We have a round bale of hay out for them all the time, other than during kidding when they are in the barn. During that time we usually go through about 10 bales, but they are only in the barn for a week or 2 before we start letting them out in the field during the day. At that time they eat the round bale during the day and get a flake of hay when they are put in the barn in the evening. After the babies are a month old, we don't put them away at night and they eat the round bale free choice. Right now we have 8 goats and a pony and we go through a round bale every 3-4 weeks.


----------



## MsScamp (Feb 1, 2010)

ashleighashley said:


> How much hay per goats should I put out for them each day????
> summer?
> winter?
> How much should I stockpile for 5 goats?


The average adult goat will eat roughly 1 ton of hay, pasture, browse, etc., per year. Assuming they are yearlings or older, are open, and are not raising kids, start with 5 lbs of hay per goat, per day and adjust from there. Summer they will eat a little less, winter they will eat a little more.


----------



## ThreeHavens (Oct 20, 2011)

2 full-ground Nigerian dwarves usually go through a flake in the morning and a flake at night. 1 standard goes through the same. 
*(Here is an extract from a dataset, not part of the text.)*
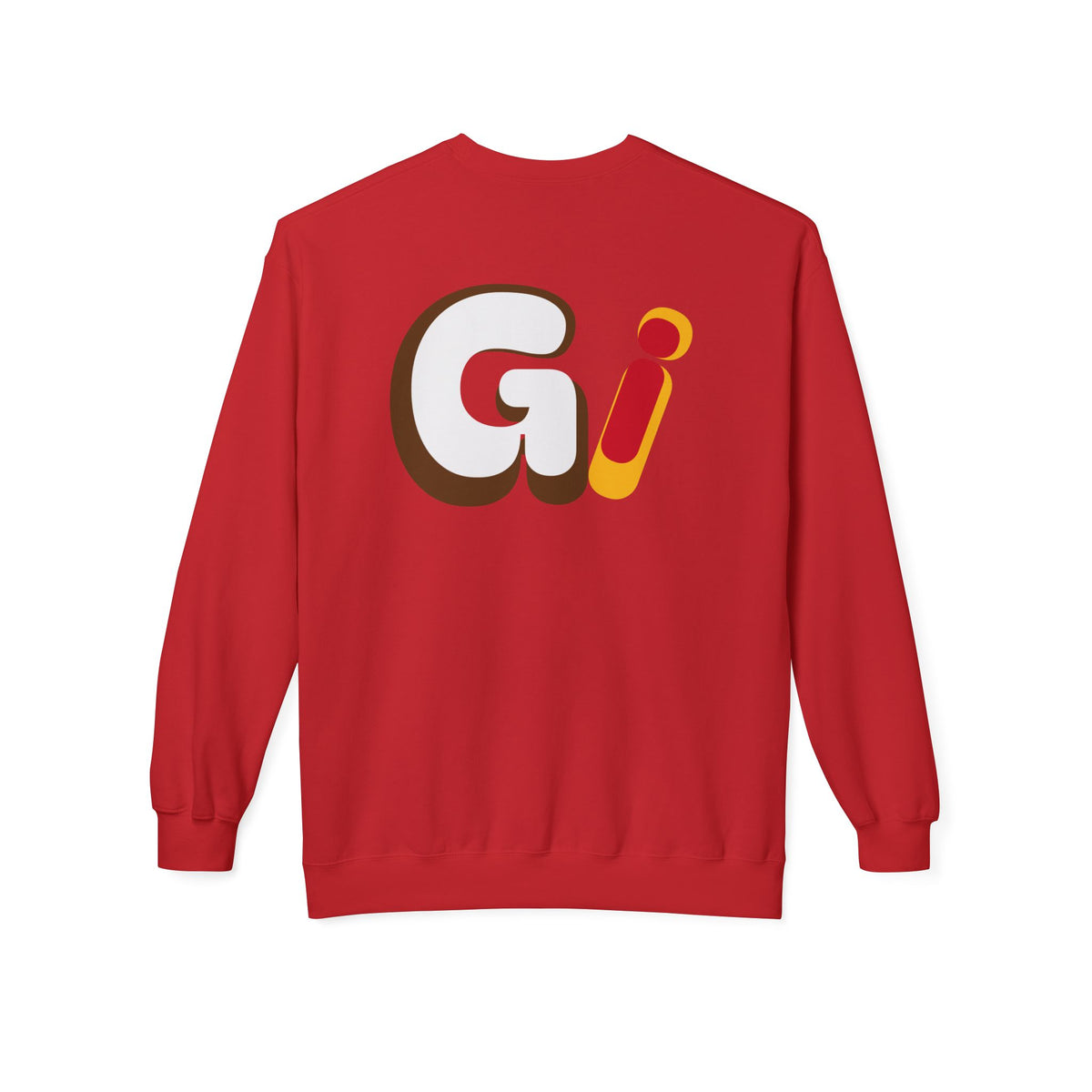 Sweatshirt - Gi Typography Design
I like to give them as much as they will eat when I can  In the summer they eat less, in the winter they eat more.


----------



## J.O.Y. Farm (Jan 10, 2012)

I feed one flake to every 2 ND goats.. But I add/subtract if they get thin/fat


----------



## KW Farms (Jun 21, 2008)

I free choice the hay here. I've found that each goat and each herd is going to take in different amounts of hay. The best way to figure out the amount of hay needed is by opening a bale, mark that day the bale was starting to be fed and then see how long it takes the goats to finish it. That will give you a general idea on how many days it takes to finish a bale and count ahead and see how many bales you'll need. I always have more bales then I think they'll need just to be safe.


----------



## adriHart (Nov 1, 2012)

I have two pregnant does, 2dry does and 3 weathers. Halfway through winter I added a bucks to the mix. I bought 10 bales of hay at 140 pounds apiece they went through it by January. I have three and a half acres so in summertime I barely feed hay but the lactating animals get grain. I also supplemented the pregnant does with alfalfa all winter the rest was just grass hay. If I let them they will eat an entire bail in 1 Day. I'm not sure where the cut off point it would be because if I left it free choice it would be gone. Oh and my heard is mixed Nubians mini nubianss and Mini manchas. The wether's are all the bigger boys and they eat the least. Of course I supplement with minerals too and I threw a bag of black oil sunflower seeds on them over the winter because their hair was dry


----------